Now, according to natural justice, change—at least salutary change—comes about because of the just person, who looks to change the nomoi, not by reference to ideal justice, but by reforming the existing nomoi in a way that improves upon the existing political tradition. This change in individual judgment eventually becomes widespread enough to change the nomoi, and ultimately, though perhaps slowly and uncertainly, moves the society closer to something approximating ideal justice. For instance, refusing people opportunities and services based on an immutable characteristic was once an accepted and widely practiced social norm in the United States. But, over time, individual judgments about the evils of this practice consolidated to make this kind of discrimination one of the worst transgressions of a social norm one can commit.
The moral judgment of the just person alerts us to ways in which the nomoi are deficient, and therefore fall short of a standard of perfect justice that is imperfectly embedded in the institutions of a political tradition. But attempts to transform existing institutions to satisfy an ideal of justice can be quixotic or even dangerous if they are not grounded in the nomoi. We must balance contested ideals of justice with the very real risks of social change. This is one reason why just persons must argue for their reform proposals in public, and, if they are to be persuasive, ground their proposals in the ideals of a shared political tradition. Like Martin Luther King’s pronouncements on the evils of segregation—pronouncements which were deeply grounded in the highest ideals of the American political (and religious) tradition—such proposals have the power to reform the nomoi over time, if only they are heard and considered.
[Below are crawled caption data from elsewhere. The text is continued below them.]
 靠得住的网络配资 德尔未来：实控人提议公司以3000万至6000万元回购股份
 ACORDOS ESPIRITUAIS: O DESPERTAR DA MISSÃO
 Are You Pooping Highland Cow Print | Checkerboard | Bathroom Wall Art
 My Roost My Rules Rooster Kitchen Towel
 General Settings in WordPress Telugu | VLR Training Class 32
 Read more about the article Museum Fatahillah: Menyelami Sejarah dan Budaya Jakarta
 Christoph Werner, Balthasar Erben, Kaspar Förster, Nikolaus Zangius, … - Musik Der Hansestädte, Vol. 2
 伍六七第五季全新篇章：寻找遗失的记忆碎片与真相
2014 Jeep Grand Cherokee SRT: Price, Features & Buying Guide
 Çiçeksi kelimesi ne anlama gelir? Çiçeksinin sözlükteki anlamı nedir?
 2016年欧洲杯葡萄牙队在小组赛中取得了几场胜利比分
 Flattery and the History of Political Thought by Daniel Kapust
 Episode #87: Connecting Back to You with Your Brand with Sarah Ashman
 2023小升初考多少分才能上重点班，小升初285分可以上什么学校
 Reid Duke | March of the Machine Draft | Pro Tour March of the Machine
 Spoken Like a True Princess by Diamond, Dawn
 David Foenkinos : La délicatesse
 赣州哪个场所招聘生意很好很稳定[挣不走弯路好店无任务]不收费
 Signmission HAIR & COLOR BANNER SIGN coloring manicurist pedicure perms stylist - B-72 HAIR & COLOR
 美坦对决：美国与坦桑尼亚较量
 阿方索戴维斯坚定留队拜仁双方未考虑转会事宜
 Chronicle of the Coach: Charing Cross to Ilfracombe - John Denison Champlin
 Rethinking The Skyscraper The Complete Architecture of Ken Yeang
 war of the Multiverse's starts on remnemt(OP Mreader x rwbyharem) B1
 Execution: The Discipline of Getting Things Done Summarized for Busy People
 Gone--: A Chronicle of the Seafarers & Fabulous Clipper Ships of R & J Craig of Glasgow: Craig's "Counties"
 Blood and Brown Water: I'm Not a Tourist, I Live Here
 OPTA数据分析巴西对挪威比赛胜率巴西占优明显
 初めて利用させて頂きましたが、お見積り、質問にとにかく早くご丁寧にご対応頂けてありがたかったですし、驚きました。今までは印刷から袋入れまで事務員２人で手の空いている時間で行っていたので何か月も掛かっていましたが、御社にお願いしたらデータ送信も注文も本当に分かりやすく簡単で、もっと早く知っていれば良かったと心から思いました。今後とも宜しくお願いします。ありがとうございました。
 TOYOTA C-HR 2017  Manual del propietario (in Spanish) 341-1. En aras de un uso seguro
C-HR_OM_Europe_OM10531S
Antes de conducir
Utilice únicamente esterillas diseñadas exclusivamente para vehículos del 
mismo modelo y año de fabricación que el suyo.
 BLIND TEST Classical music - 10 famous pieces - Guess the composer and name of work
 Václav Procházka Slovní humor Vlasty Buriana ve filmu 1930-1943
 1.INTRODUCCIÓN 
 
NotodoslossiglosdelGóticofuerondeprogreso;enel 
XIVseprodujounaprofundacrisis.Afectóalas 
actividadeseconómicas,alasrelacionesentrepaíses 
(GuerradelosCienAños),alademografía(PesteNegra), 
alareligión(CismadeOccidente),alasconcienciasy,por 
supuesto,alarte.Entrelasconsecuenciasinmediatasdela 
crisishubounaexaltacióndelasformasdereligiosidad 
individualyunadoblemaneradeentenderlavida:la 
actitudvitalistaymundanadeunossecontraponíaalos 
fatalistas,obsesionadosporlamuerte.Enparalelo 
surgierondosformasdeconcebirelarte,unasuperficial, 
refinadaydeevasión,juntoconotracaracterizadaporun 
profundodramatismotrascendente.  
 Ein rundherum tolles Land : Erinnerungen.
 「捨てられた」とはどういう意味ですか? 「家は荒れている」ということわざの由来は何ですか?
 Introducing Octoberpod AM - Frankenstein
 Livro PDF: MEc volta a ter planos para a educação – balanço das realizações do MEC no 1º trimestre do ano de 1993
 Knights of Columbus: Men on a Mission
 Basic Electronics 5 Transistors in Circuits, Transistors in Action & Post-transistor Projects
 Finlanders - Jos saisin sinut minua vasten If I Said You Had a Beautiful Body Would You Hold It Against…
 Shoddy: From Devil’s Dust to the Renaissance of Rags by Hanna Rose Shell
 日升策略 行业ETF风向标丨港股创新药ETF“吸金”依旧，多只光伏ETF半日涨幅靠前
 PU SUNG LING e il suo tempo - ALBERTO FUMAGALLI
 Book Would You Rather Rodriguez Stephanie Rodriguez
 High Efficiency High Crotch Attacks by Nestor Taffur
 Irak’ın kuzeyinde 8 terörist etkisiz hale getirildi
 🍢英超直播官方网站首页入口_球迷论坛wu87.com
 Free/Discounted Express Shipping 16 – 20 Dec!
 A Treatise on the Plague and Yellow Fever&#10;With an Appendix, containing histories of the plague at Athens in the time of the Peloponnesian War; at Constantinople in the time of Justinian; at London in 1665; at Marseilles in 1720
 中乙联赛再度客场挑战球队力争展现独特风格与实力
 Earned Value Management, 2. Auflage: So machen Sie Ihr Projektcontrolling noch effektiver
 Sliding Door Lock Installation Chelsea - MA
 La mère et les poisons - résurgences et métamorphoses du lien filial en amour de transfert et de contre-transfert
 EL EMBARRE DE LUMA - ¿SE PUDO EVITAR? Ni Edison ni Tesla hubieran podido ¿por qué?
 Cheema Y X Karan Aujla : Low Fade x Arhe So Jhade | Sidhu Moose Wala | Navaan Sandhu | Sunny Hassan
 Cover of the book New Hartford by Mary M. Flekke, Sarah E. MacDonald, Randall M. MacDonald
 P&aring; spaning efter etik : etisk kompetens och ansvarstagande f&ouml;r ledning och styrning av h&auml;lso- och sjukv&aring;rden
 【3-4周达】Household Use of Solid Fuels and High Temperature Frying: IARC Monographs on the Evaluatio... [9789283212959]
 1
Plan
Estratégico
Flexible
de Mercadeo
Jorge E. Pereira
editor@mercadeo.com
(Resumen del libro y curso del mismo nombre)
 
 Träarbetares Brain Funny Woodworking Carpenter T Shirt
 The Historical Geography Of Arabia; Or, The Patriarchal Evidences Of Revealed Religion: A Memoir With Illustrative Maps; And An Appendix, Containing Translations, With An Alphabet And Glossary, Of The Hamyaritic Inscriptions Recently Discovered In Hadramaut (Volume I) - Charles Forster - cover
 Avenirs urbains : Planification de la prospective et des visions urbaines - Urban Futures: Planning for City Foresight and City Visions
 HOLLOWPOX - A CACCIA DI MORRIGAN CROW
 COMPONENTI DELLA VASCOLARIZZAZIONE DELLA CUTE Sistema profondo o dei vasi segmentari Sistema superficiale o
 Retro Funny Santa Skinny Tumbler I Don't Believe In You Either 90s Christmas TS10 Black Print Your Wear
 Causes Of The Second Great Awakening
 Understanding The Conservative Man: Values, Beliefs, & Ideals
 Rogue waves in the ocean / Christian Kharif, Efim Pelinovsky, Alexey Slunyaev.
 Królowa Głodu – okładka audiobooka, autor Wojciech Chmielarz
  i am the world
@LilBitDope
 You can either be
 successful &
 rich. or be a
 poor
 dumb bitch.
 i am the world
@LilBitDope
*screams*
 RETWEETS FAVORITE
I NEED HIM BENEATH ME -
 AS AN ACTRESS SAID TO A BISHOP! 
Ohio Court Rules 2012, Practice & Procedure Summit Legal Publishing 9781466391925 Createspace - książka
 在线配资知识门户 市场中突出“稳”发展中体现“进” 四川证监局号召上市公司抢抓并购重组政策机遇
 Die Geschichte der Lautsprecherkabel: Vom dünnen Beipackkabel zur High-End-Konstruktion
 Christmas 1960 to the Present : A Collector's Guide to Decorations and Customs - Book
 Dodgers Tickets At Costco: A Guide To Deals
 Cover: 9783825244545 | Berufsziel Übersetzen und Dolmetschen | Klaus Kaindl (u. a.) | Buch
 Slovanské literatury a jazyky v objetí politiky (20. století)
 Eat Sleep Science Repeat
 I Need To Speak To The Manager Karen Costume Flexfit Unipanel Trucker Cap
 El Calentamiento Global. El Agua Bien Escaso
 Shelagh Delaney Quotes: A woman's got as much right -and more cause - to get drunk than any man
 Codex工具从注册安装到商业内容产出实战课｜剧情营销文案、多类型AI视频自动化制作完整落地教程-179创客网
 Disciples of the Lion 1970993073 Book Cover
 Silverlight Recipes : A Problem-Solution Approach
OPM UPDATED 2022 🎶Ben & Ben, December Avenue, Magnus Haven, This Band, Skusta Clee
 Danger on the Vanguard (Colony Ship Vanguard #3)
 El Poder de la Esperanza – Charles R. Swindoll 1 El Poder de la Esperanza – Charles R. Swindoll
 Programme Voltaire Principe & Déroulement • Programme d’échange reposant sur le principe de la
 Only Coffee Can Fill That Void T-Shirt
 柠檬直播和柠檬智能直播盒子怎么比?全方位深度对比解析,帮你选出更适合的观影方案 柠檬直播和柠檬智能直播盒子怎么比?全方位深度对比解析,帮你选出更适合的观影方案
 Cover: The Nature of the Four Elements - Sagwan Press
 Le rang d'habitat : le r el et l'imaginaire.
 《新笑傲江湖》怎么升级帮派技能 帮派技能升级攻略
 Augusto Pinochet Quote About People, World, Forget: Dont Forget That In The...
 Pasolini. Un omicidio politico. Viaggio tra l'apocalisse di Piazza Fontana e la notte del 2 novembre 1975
The process of balancing justice with the vagaries of political and social change requires care and above all, practical wisdom (The ancient Greek’s phronesis), which determines both what the good is and how to achieve it. The distinguishing feature of natural justice is that it places the emphasis on reform from an initial place of conformity, rather than on the transformational change of social justice. On the one hand, insisting that institutions conform to an ideal of justice without paying attention to existing nomoi undermines the very institutions that make reform possible. On the other hand, maintaining manifestly unjust institutions for the sake of short-term stability can undermine the long-term legitimacy of existing institutions and fail to respond to the dynamic nature of a complex world. While there is no perfect balance between stability and change, and there are no guarantees that the just person will be successful in achieving a recognizably just (much less liberal) society, natural justice nevertheless locates justice in the actions of persons, rather than in the design of institutions.
This is why Socrates accepts his punishment and refuses to flee in the memorable scene from Plato’s Crito. Socrates accepts, as a matter of justice, the nomoi of his political tradition because they answer to an implicit standard of justice that he recognizes as a virtuous person. To flee punishment, even unjustly deserved, would be an act of injustice, and therefore is unacceptable to a just Socrates. In the aftermath of social justice, we should follow Socrates in seeking firm ground on the stable foundation of natural justice.